This interpretation may favour the landlady. For, the sub-tenants do not have a case that the lease permitted the tenants to sub-let the premises. Their case is only that the lessee consented to the sub-lease.
17.Before the pronouncement in Tresa’s case, another Division Bench in Raghavan’s case (supra) held as follows at paragraphs 3 and 4 of the judgment :
3. “S.11(4(i) of the Act provides
that a tenant is liable to be
evicted if, after the commencement
of the Act, the tenant, without the
consent of the landlord, transfers
his right under the lease or sublets
the entire building or any portion
thereof, if the lease does not
confer on him the right to do so.
The two circumstances in which a
subletting by a tenant does not lead
to an order for eviction under S.11
(4)((i) of the Act, are the
circumstance where the lease or the
instrument of lease confers on him
the right to do so and the
circumstance where the subletting is
made with the consent of the
landlord. According to us, in a case
where the lease does not authorise
the tenant to sublet, the consent of
the landlord contemplated by the
section is a consent obtained prior
to the subletting or a consent for
the subletting. The Section speaks
of a transfer of the right under the
lease or subletting without the
consent of the landlord as a ground
for eviction”.
4. “On a proper reading of the
provision, it is clear that the
subletting should be with consent,
to escape the consequences envisaged
by that provision. In other words,
the consent must precede the
subletting………”
The interpretation in Raghavan’s case (supra) may favour the sub-tenants. For, their case is that the very sub-lease was made with the consent of the landlady.

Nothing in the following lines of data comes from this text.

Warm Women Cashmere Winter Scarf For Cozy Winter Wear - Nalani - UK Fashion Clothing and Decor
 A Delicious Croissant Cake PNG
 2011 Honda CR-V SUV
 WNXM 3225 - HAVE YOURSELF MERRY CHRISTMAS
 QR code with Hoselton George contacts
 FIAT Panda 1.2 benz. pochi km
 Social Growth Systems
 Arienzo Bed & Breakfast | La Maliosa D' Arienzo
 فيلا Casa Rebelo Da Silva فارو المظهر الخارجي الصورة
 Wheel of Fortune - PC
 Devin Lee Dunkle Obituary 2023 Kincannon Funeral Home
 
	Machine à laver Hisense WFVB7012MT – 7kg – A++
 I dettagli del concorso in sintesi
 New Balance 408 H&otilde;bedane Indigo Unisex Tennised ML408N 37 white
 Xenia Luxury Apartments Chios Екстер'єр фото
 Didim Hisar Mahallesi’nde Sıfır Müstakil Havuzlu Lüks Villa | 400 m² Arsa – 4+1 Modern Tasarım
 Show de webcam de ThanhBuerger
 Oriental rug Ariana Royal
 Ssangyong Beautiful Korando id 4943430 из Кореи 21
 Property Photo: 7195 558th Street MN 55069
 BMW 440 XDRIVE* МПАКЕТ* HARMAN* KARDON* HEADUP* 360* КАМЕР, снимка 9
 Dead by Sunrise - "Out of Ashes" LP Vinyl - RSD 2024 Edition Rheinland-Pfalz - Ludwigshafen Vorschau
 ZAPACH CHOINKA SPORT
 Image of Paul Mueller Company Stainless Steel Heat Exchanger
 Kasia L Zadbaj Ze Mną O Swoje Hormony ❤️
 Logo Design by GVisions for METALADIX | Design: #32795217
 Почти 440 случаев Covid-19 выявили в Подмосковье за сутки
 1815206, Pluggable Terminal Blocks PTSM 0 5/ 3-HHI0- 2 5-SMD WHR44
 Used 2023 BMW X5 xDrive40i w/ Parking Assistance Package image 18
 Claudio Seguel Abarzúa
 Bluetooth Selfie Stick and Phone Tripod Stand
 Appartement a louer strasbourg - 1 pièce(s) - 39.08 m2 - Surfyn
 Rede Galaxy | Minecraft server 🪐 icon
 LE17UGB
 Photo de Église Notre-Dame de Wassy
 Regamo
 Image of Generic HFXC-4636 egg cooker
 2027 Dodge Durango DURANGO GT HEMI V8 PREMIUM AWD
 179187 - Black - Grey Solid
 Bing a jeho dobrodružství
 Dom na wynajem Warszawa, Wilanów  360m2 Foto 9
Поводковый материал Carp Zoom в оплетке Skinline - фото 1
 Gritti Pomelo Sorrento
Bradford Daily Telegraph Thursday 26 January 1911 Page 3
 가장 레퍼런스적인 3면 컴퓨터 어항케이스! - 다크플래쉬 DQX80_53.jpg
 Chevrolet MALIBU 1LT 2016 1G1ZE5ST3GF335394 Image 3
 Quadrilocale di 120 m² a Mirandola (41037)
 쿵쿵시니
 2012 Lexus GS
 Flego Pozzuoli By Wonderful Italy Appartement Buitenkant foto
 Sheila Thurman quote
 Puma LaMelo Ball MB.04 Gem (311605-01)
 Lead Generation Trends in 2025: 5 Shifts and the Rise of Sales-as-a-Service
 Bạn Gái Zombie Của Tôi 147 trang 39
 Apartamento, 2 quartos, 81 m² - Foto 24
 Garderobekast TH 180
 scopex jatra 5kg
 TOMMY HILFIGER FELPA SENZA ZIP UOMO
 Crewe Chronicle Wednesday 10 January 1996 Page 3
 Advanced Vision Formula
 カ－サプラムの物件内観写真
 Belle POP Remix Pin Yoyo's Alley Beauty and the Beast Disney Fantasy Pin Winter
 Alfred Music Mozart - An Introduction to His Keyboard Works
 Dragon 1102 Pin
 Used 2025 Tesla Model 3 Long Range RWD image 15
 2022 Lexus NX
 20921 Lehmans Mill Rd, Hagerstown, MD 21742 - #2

18.There is an apparent conflict between the two Division Benches in interpreting Section 11(4)(i) of the Act. But we do not propose to make a request to refer the question to a larger bench. For, this is not a matter to be decided now. It is a matter to be considered while deciding the rent control petition. It should not appear that we simply skipped a point which was brought to our notice by the learned counsel for the landlady. That is the sole reason why we have referred to Tresa’s case and Raghavan’s case in this judgment.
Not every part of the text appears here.